The debate about General Motors’ ad spending with Black-owned media is heating up, music and fashion mogul Sean “Diddy” Combs the latest to speak out against the automaker.
In a statement titled, “WE DEMAND MORE: A LETTER FROM SEAN COMBS,” the 51-year-old artist and entrepreneur weighed in on a debate kicked off two weeks ago. Seven of the nation’s leading Black media owners accused GM and CEO Mary Barra of “systemic racism” in a full-page ad in the Detroit Free Press.

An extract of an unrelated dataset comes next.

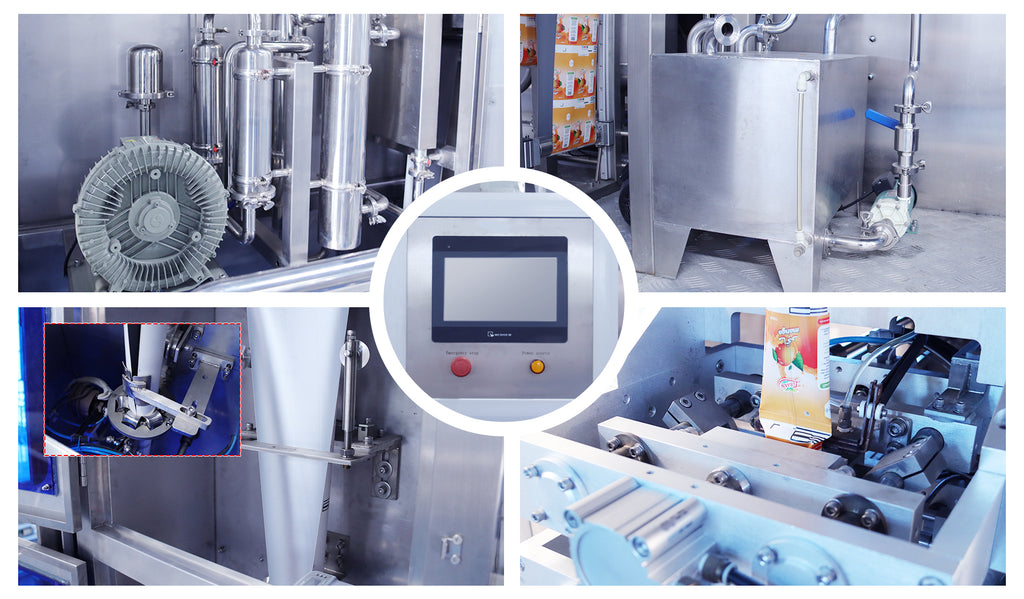 ZONESUN ZS-AUBP Automatic Liquid Filling and Aseptic Packaging Machine: Streamlining the Production of Liquid Food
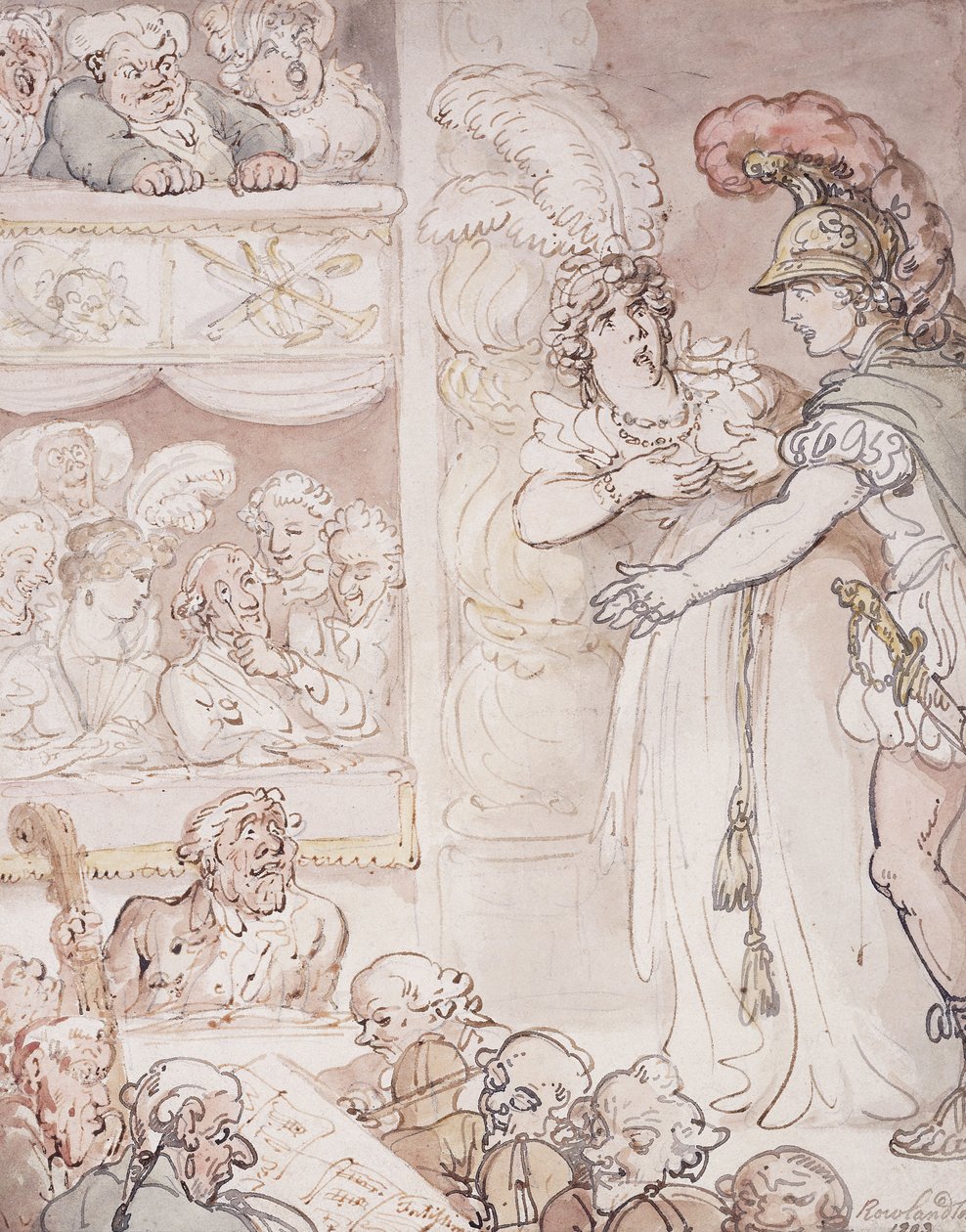 John Bull på Operan, 1803 av Thomas Rowlandson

But Combs takes things a step further, suggesting a black boycott of the automaker could follow if it doesn’t move to spend more with Black-owned media.
“Exposing GM’s historic refusal to fairly invest in Black-owned media is not an assassination of character, it’s exposing the way GM and many other advertisers have always treated us,” Combs wrote. “No longer can Corporate America manipulate our community into believing that incremental progress is acceptable action.”
A long-simmering matter
The issue of ad spending by General Motors — and other automakers — has been simmering for years. It exploded into public view late last month with the publication of the full-page ad signed by Byron Allen, owner of the Weather Channel and other media properties, Ebony publisher Junior Bridgeman, rapper and media entrepreneur Ice Cube and four others.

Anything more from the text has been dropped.